In a large bowl, whisk together warm water and yeast. Leave 5 minutes until slightly foamy. Add the flour, salt, and 30ml of olive oil. Mix with a wooden spoon or dough whisk until a shaggy, sticky dough forms — no dry flour remaining. Don't try to knead it; this dough is too wet for traditional kneading. Cover the bowl and leave it to rest for 10 minutes.

2

Stretch and Fold — 3 Sets over 45 Minutes

With wet hands, perform a stretch and fold: grab one side of the dough, stretch it upward, and fold it over the top. Rotate the bowl 90° and repeat — 4 folds per set. Do this 3 times, every 15 minutes. Between each set, the dough will become smoother, more elastic, and easier to handle.
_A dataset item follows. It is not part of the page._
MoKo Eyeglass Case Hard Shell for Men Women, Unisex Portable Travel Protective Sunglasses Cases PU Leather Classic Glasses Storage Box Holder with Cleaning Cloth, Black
This replaces kneading for high-hydration doughs.

3

First Rise — 1 Hour

After your 3rd fold, cover the bowl tightly and leave the dough to rise at room temperature for 45–60 minutes, until clearly puffed and bubbly. You can also refrigerate the dough overnight at this point (up to 18 hours) for a more flavourful focaccia. If refrigerating, take it out 1 hour before baking to take the chill off.

4

Pan and Second Rise

Pour the 50ml of olive oil into your baking pan and coat the base and sides generously. Tip the dough into the oiled pan — don't deflate it or punch it down. With oiled hands, gently push and coax the dough toward the edges of the pan. It may spring back — that's fine. Leave it to rest 10 more minutes, then gently stretch again. Cover loosely and leave to proof for another 45–60 minutes until puffy and filling the pan.

5

Dimple, Top, and Bake

Preheat your oven to 230°C (fan 210°C). When the dough is visibly puffed, drizzle another 2 tablespoons of olive oil over the top. Now press your fingers firmly into the dough all over, creating deep dimples — go all the way down to the base of the pan. This is the most satisfying step. The dimples hold pools of olive oil during baking, creating those characteristic golden craters.

Immediately push rosemary sprigs into the dimples and scatter flaky sea salt generously. Bake at 230°C for 22–25 minutes until the top is golden brown and the edges are pulling away from the sides. The bottom should be deeply golden — lift a corner to check.

6

Cool and Slice

Remove from the oven and let it sit in the pan for 5 minutes, then transfer to a wire rack. If you can hear it sizzling, that's the bottom crust crisping even further — perfect. Slice into squares or rectangles and serve warm. Outstanding alongside soup, as a sandwich base, or simply dipped in more olive oil with balsamic vinegar.

Topping Variations

Focaccia is endlessly versatile. Once you master the base, try these toppings instead of (or alongside) rosemary:

  • Olives and sun-dried tomatoes — press them into the dimples before baking
  • Caramelised onions and thyme — spread on top just before baking
  • Potato and red onion — thinly sliced and layered on top with a drizzle of oil
  • Cheese pull-apart — deeply dimple and press cubes of mozzarella into each hole
  • Everything bagel seasoning — after the olive oil drizzle, sprinkle the blend liberally

Pro Tips

  • Don't be shy with the oil. 50ml for the pan sounds like a lot. It's correct. That's what creates the fried base.
  • Wet hands, always. Dip your hands in water before every touch. Dry hands tear this dough apart.
  • Overnight = better flavour. Refrigerating the dough overnight after the first fold set produces a substantially more complex, slightly tangy focaccia.
  • Hot oven is non-negotiable. Low temperatures = pale, doughy focaccia. It needs 230°C minimum.

Storage

Focaccia is best the day it's made. It stays good for 2 days in an airtight container at room temperature. Reheat in a 200°C oven for 5 minutes to revive the crust. It also freezes beautifully — slice before freezing and toast directly from frozen.